Сейчас порой не понимают, что такое икона. Могут написать икону, как фреску, – тоненькими слоями. Но это неправильно, в иконе должна быть плотность. До нас дошли Фаюмские портреты, написанные в технике энкаустики, то есть связующим веществом выступал воск. С иконой их сближает наличие глубины – воск там наложен в несколько слоев. Настоящая икона должна набираться плотными слоями. Мы учим студентов делать икону, а не имитацию иконы. За пять лет мы не можем досконально научить иконописи – на это требуется до 15 лет. Но если ученики будут понимать, что такое настоящая икона, смогут развиваться дальше.
– К «курсам иконописи» относитесь отрицательно?
– Да, нельзя писать икону без понимания и подготовки. Я бы даже с осторожностью относился к рисованию икон в художественных школах. Неслучайно же в самом начале учебы мы студентам даем рисовать только горки, палатки и деревья. Причем студенты наши, часто закончившие художественные вузы, недоумевают: «У меня высшее художественное образование, а тут – горки да деревца». Тогда начинаем разъяснять, что в иконе, если изображается дерево, это будет не конкретное дерево – береза или осина, а символ дерева. Также горки – символ земли (это может быть и пустыня, и холмистая местность). И так с каждой деталью. В иконе нет ничего случайного, все нужно изучить, усвоить, для того чтобы полностью раскрыть образ.
– Что изменилось за эти годы в Иконописной школе?
– На самом деле изменения – это просто поступательное развитие. Сколько бы времени ни проходило – 30 лет, как сейчас, или 40, – все равно Иконописная школа будет расти и развиваться.
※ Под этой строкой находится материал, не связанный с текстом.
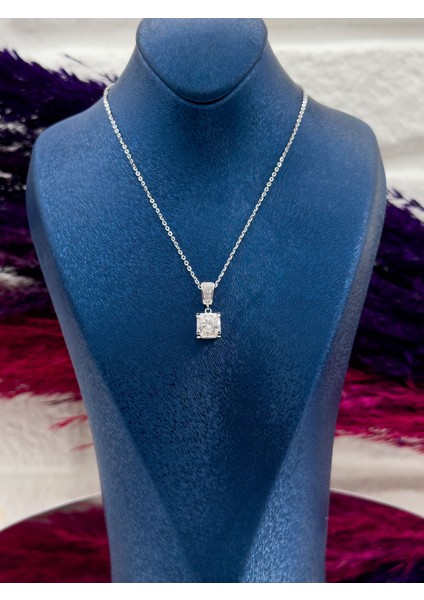 925 Ayar Gümüş Mosanite Taşlı Tektaş Tasarım Trend Kadın Kolye fiyatları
«Для нас важно было, чтобы Церковь стала необходимой самим детям»
– У вас четверо детей, 20 внуков…
– И трое правнуков.
Как удалось воспитать детей в вере, в любви к церковному искусству? Ведь не всегда дети, вырастая, следуют за родителями.
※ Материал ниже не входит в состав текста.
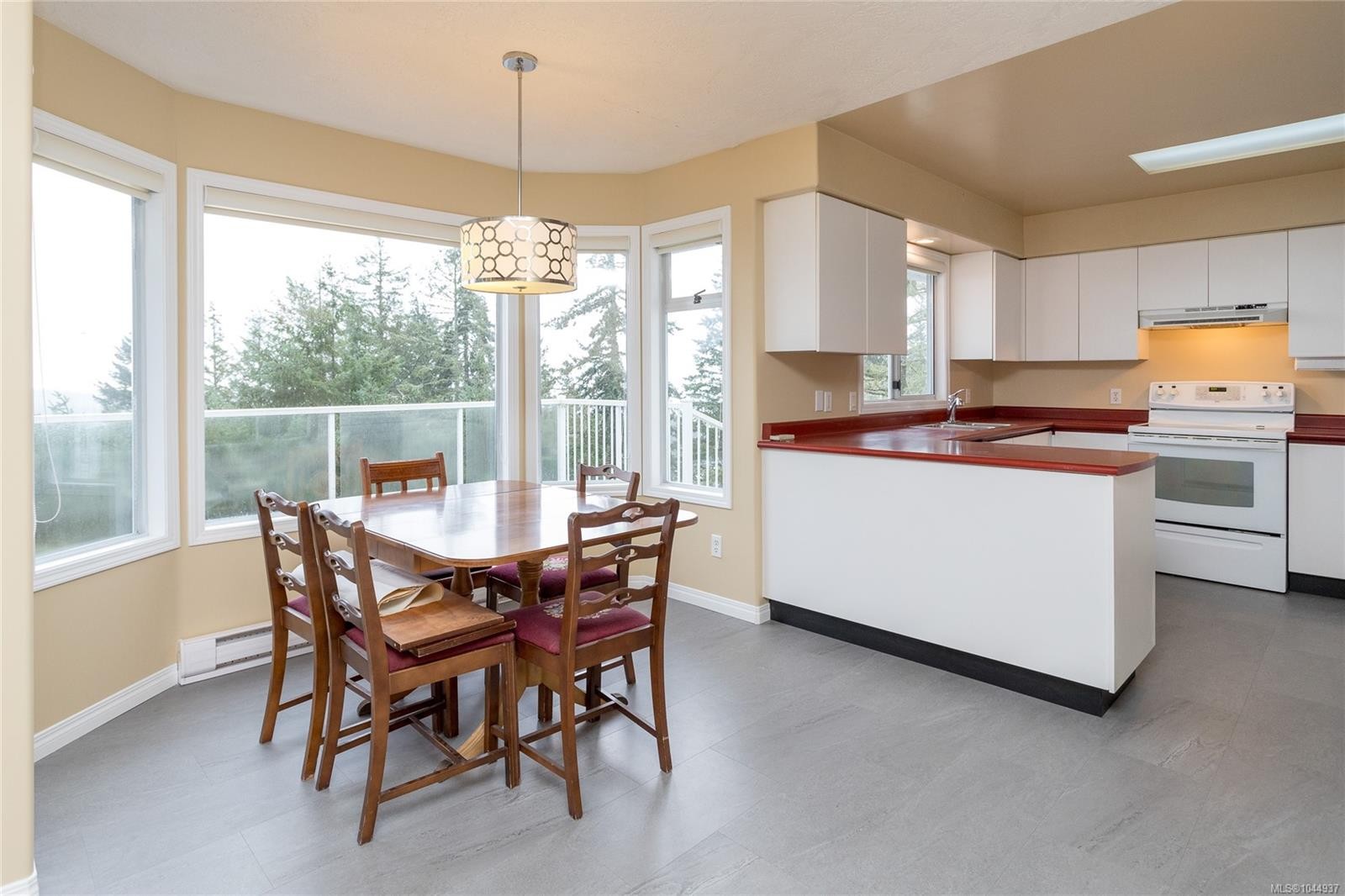 2270 Henlyn Dr, Sooke, BC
– У нас вообще семья творческая: супруга – золотошвейка, старшая дочка – тоже. Младший сын окончил Иконописную школу, работает как иконописец и реставратор, мы вместе с ним занимаемся иконописью и храмовыми росписями. Старший сын, протоиерей Иоанн, – настоятель храма Казанской (Песчанской) иконы Божией Матери в Измайлово г. Москвы, благочинный Рождественского округа. В детстве же он мог сказать, например: «Я не хочу идти в воскресенье в храм!» Мы не настаивали: «Не хочешь – не иди. Причем не только сегодня, а еще три недели не ходи. А мы все пойдем». В этот раз остался дома, а на следующей неделе смотрим: сам собирается на службу. Или кому-то из маленьких детей захотелось мяса в пост – сваришь ему курицу, он ест и говорит: «Скорее бы пост закончился!» Мы удивляемся: «Да ты ж и так ешь курицу!» Отвечает: «В пост – по-другому, мне не нравится, я хочу без поста».
Как-то один ребенок из знакомой семьи, где детей воспитывали в строгости: хочешь, не хочешь, а в воскресенье – в храм, сказал: «Вот вырасту, в храм больше не буду ходить!» Так и получилось, к сожалению. Господь уважает нашу свободную волю, Он никого не заставляет, а почему мы не должны поступать так же с нашими детьми?
Когда старшая дочка училась в школе, на Пасху перед храмом стояли учителя – не пускали учеников. Так она переодевалась в старушку, горбилась…
Для нас важно было, чтобы Церковь стала необходимой именно самим детям, без принуждения, с любовью.